▶ **Crawled caption data**:
-- -- --

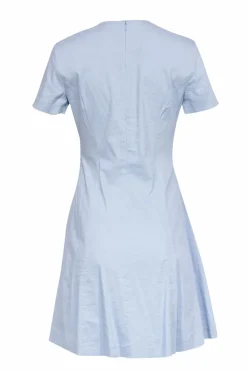Theory - Powder Blue Fit & Flare Linen Drress Sz 4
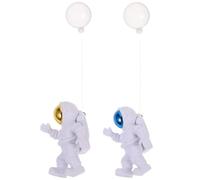 WEKADRIN Lot de 2 Décorations Astronautes Flottants en Résine pour Aquarium, Accessoires D'aménagement Bleu et Doré, Ornement Léger et Réaliste pour Décoration de Réservoir Poissons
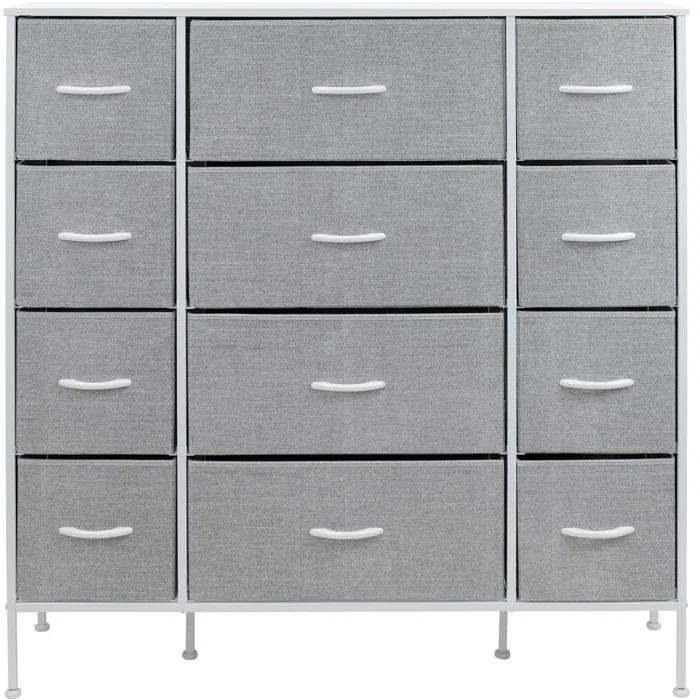 Sorbus Sorbus 12 Drawers Dresser with Steel Frame and Wood Top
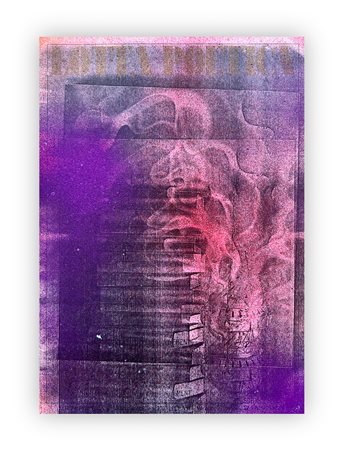 JULIAN BLAINE (1942) - Surimpression au xeros teint 8, 1984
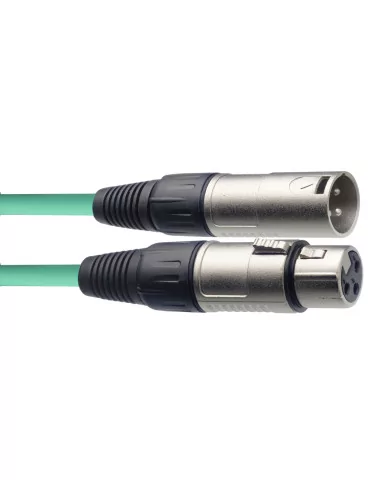  STAGG SMC10 CGR Cable de micrófono XLR / XLR (m / f), 10 m, verde|MusicGoodDeal 
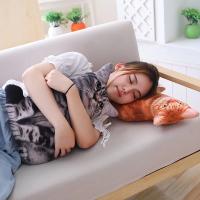 Juguetes de peluche de gato 3D realista, muñeco de Animal suave, almohada de simulación para dormir, cojín de sofá de gato 3D, muñeca de dibujos animados, regalo de decoración del hogar - details 3
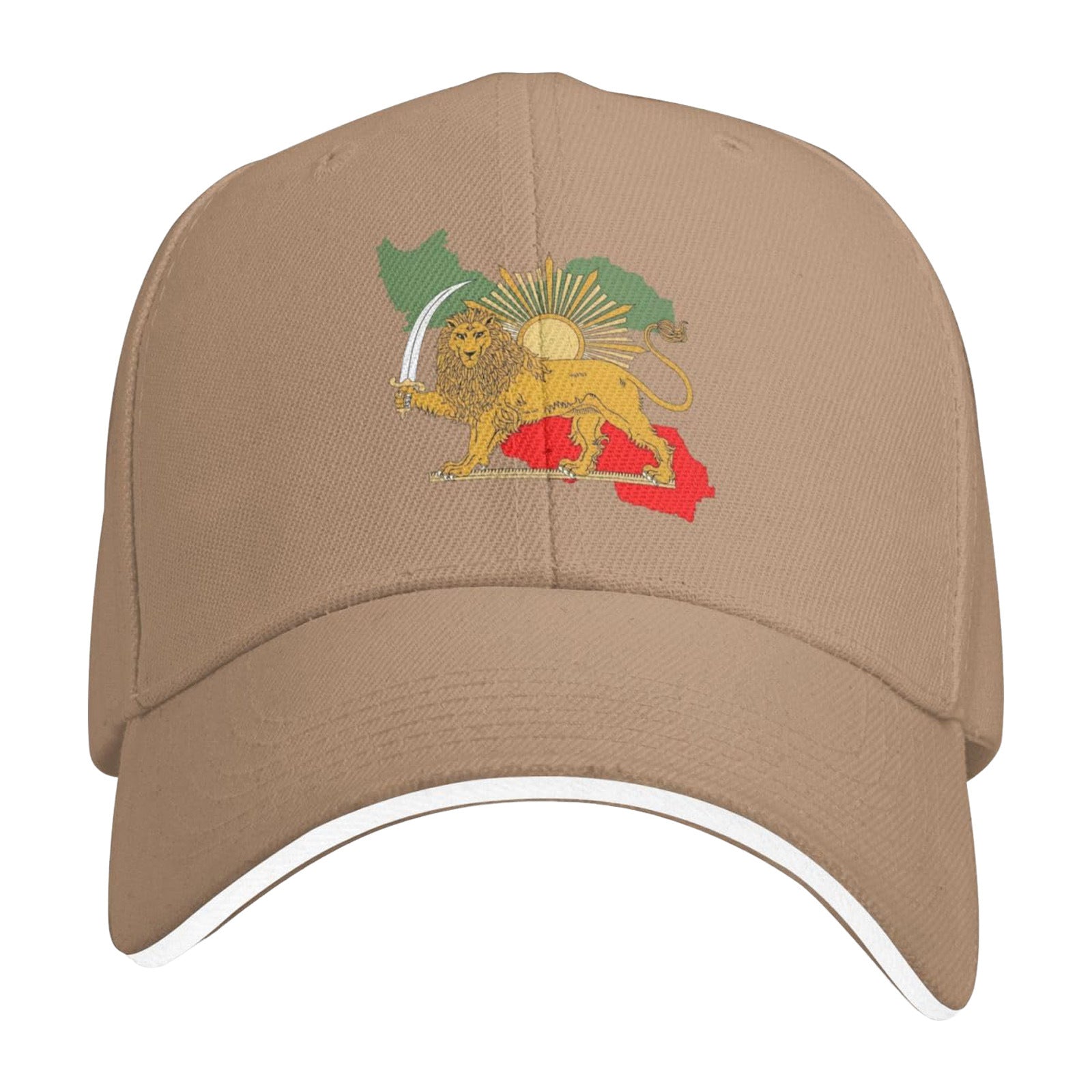 Chapeau imprimé en coton lavé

-- -- --

▶ **TASK GOAL**:
Using the records above, extract exactly and only the lines from the one with "Juguetes de peluche" through the final line, inclusive, leaving out pictures.

▶ **THE ANSWER**:
 Juguetes de peluche de gato 3D realista, muñeco de Animal suave, almohada de simulación para dormir, cojín de sofá de gato 3D, muñeca de dibujos animados, regalo de decoración del hogar - details 3
 Chapeau imprimé en coton lavé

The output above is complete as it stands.